Commentant le fait que le Conseil européen veut "offrir aux États membres une certaine marge de manœuvre quant à la manière dont ils s'acquitteront de leurs obligations, afin de tenir compte de leur situation respective et de respecter leur liberté de déterminer leur bouquet énergétique", le Premier ministre a dit : "Les uns et les autres ont insisté sur la spécificité des différents pays et il faut aussi les respecter.
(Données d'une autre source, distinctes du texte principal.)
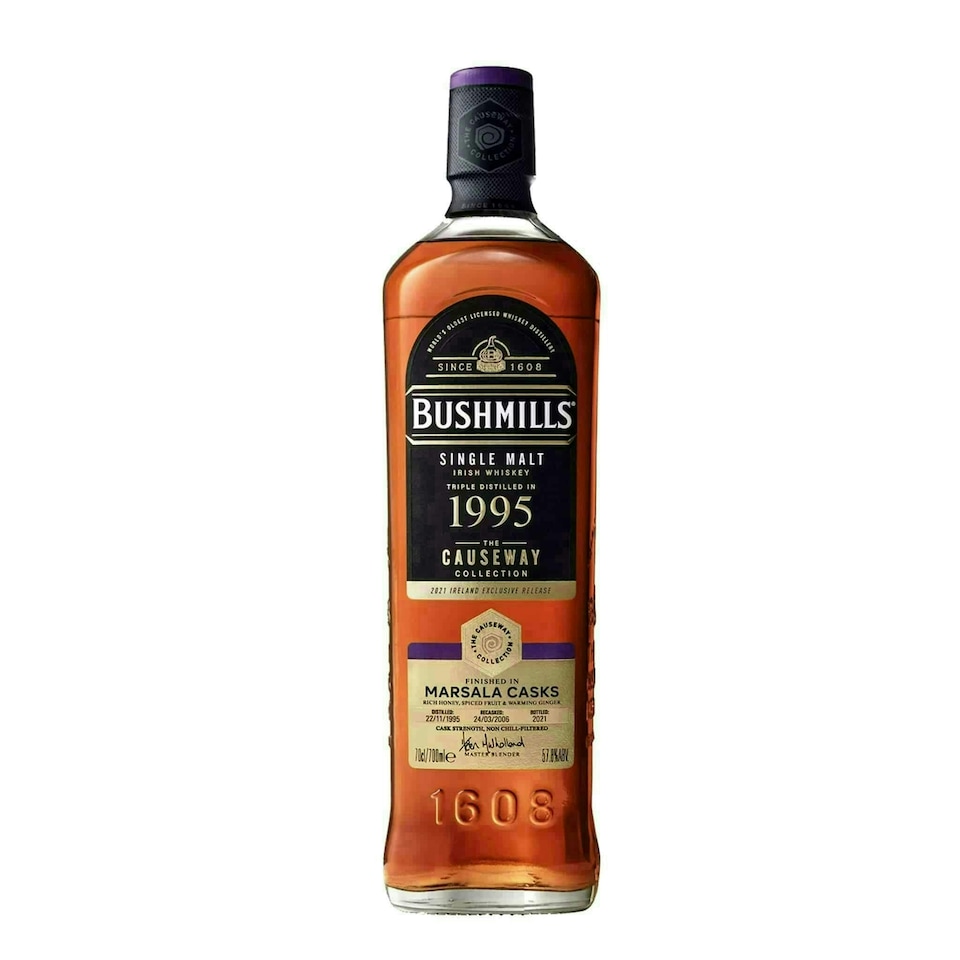 image 1 of Bushmills Causeway Collection Marsala Cask Whiskey
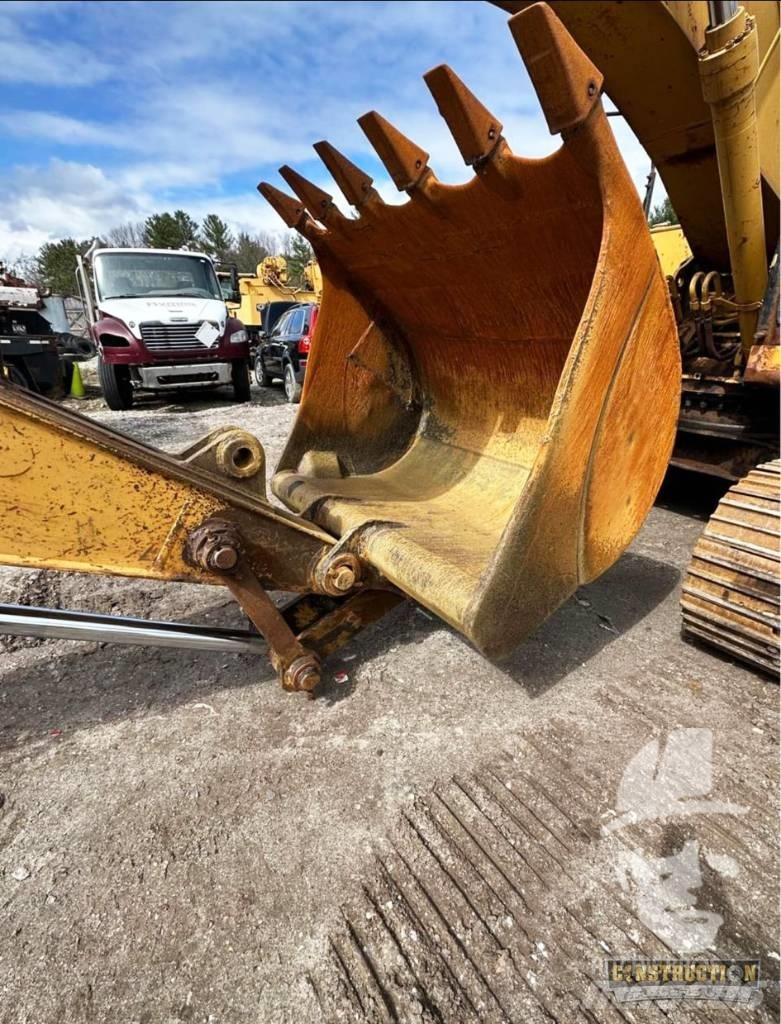CAT 320 B L Crawler excavators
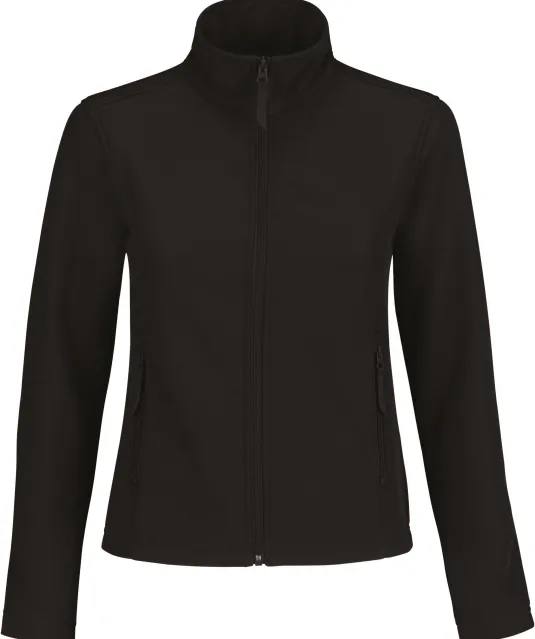 CGJWI63 - Id.701 Softshell / Women Black / Black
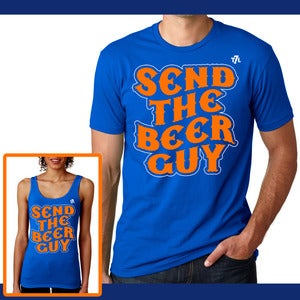 Image of Send The Beer Guy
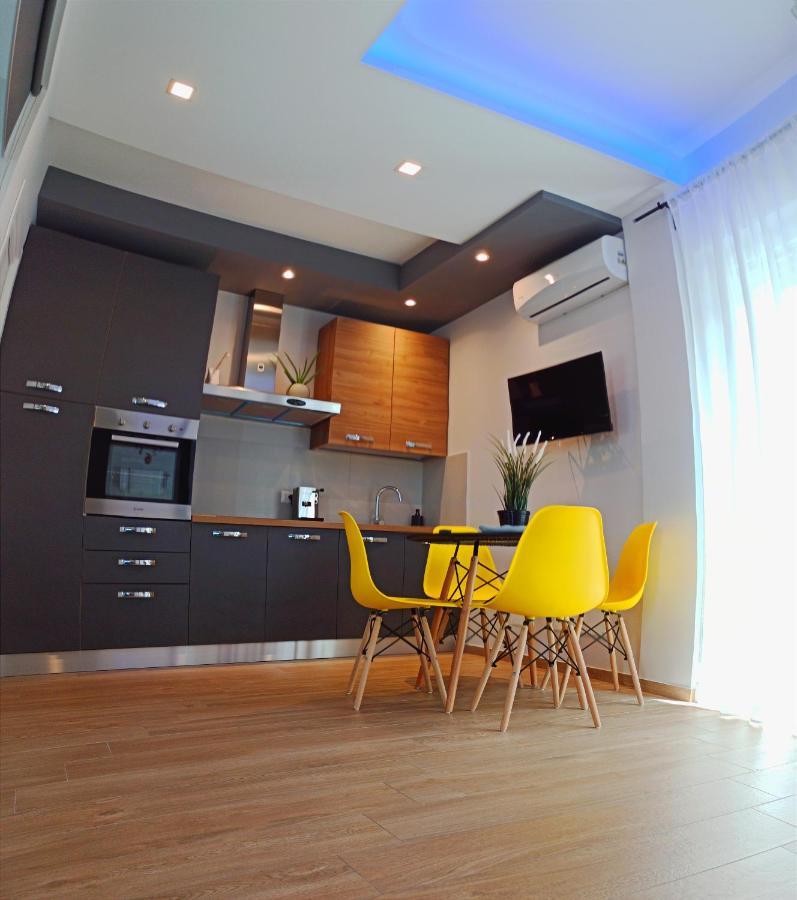 Kemilia Matera Villa Ngoại thất bức ảnh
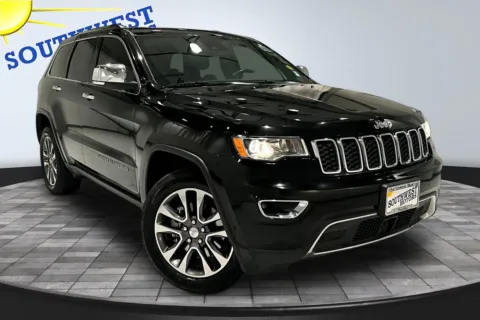 Another view of 2021 Jeep Grand Cherokee Limited for sale in Pueblo, CO at Southwest Motors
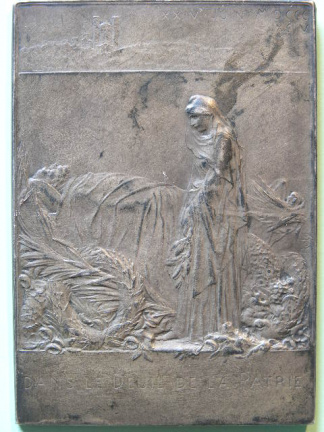www.Medaillons.eu promotion / Medaillon Penningen Munten Gulden Dammann Penningkunst Medaille Munt - Afbeelding 2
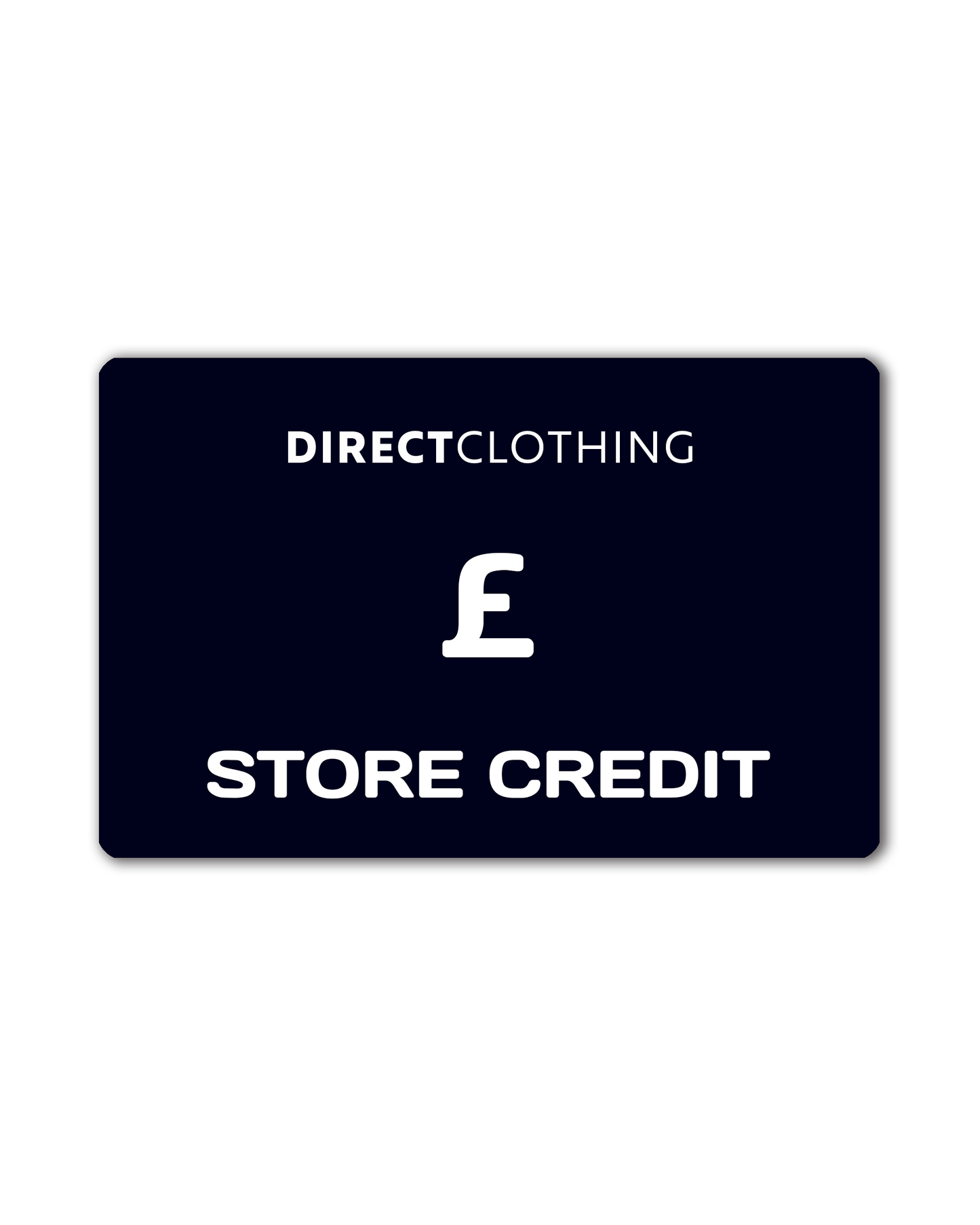 UNIFORM STORE CREDIT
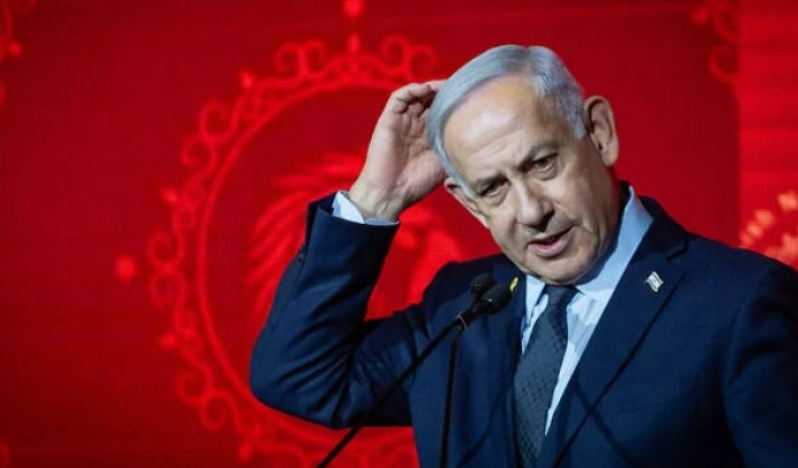 Netanyahu’nun ofisinde güvenlik skandalı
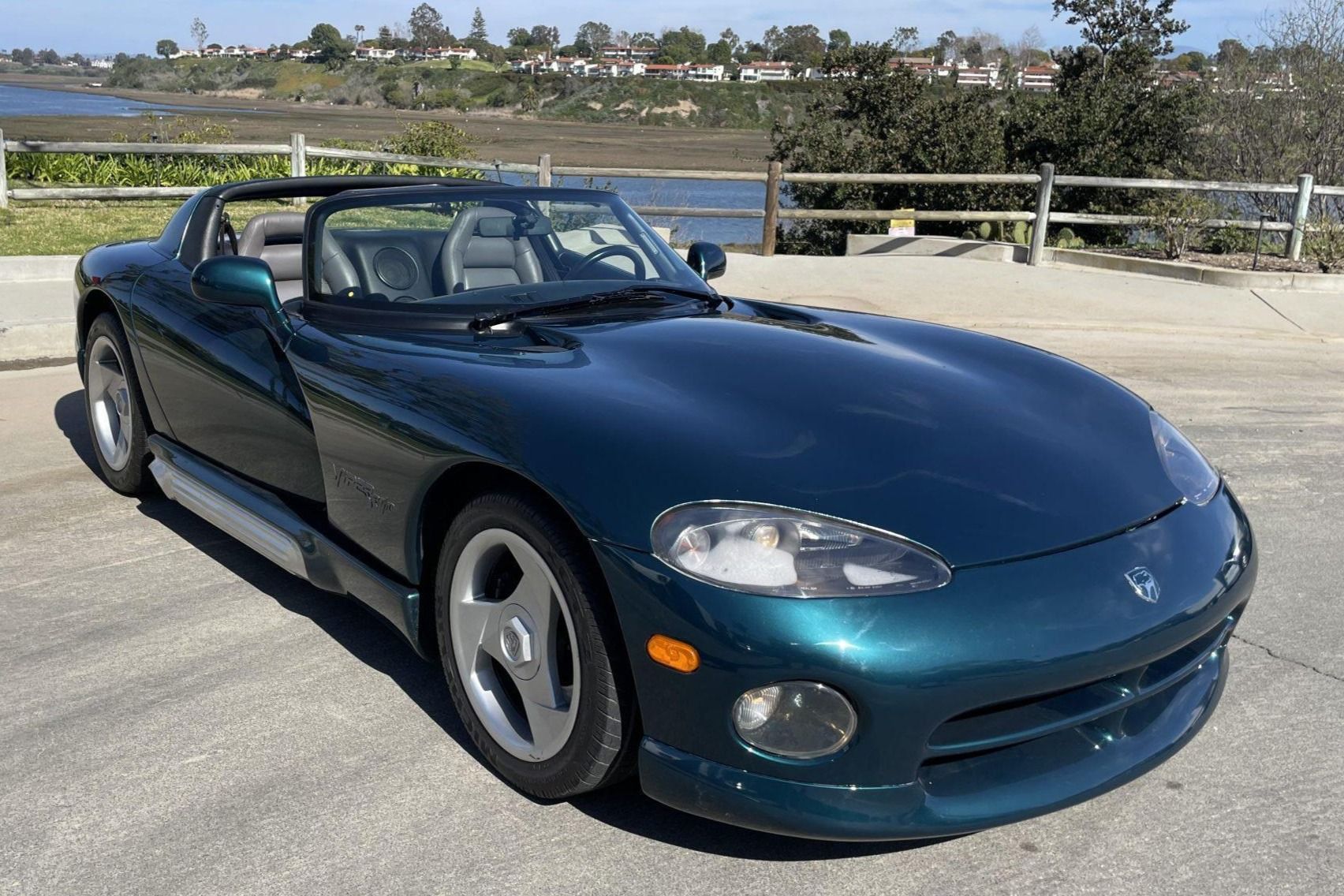 1995 Dodge Viper RT/10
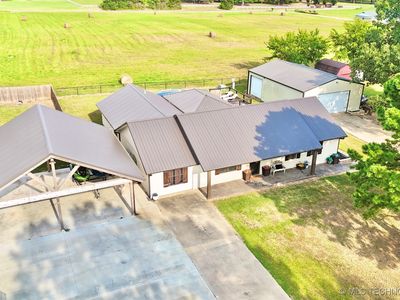 1214 NW 3rd St, Stigler, OK, 74462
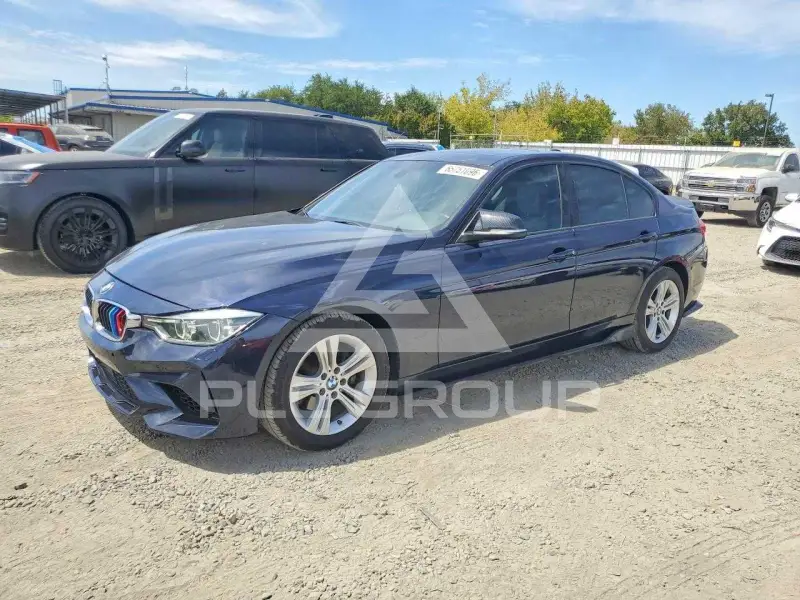 2016 BMW 328 photo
Pour le Luxembourg, la spécificité se situe dans le transit que connaît le pays et dans sa taille." Néanmoins, "ces spécificités ne doivent pas constituer une excuse pour renoncer à des objectifs ambitieux."

Le député européen vert et ancien rapporteur de la directive sur l’efficacité énergétique, Claude Turmes, ne s’est pas montré irrité du fait qu’aucun objectif chiffré n’a été retenu. Pour lui, le temps qui reste devra être utilisé pour convaincre les parties prenantes d’aller vers des objectifs encore plus ambitieux que ceux prônés par la Commission. Il faudra surtout aller vers les industriels qui continuent de croire que des ambitions plus conséquentes réduisent la compétitivité des entreprises en augmentant le prix de l’énergie, un argument qu’il estime faux dans les faits. A terme, repenser la politique énergétique sous l’égide d’objectifs ambitieux pour lutter contre les émissions de gaz de serre sera au contraire profitable à la compétitivité du continent européen. Pour gagner l’industrie à la bonne cause, il faudra revoir, selon Claude Turmes, le régime des aides, notamment à l’investissement dans l’efficacité énergétique.